--- What is being asked ---
Take the whole listing and reproduce it exactly, pictures excepted.

--- Information provided ---

"""

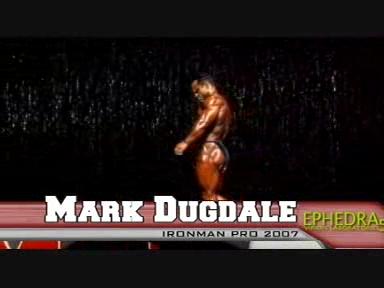 hot mark dugdale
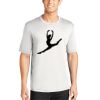Mens Multi Color Sublimated PosiCharge Competitor Tee Thumbnail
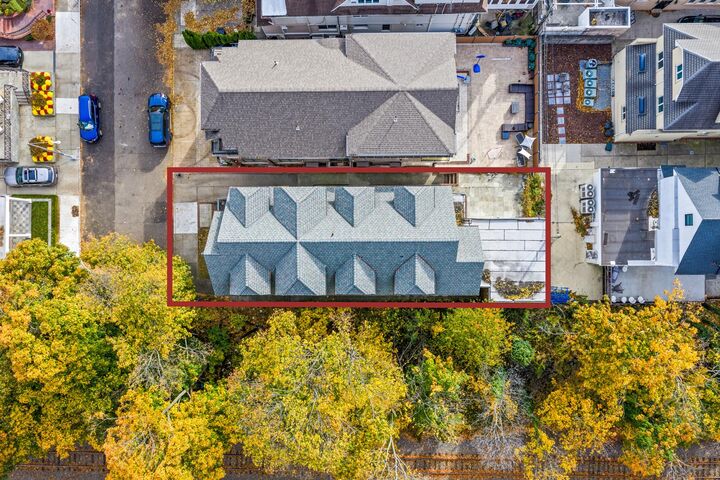 Property Photo:  850 E 23rd Street Private House  NY 11210 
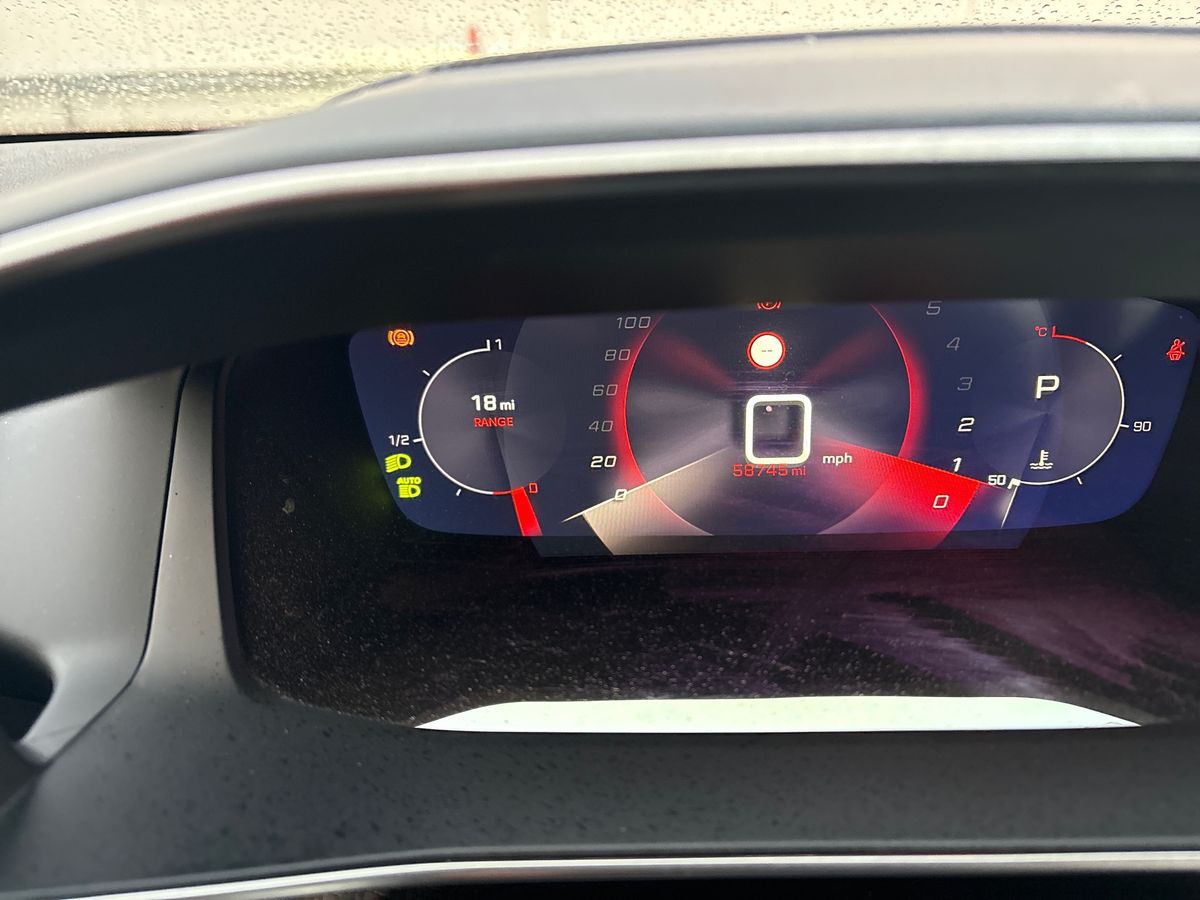 Used Peugeot 2008 2020 for sale - 76640141: Photo 18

"""

--- Answer below ---
 hot mark dugdale
Mens Multi Color Sublimated PosiCharge Competitor Tee Thumbnail
 Property Photo:  850 E 23rd Street Private House  NY 11210 
 Used Peugeot 2008 2020 for sale - 76640141: Photo 18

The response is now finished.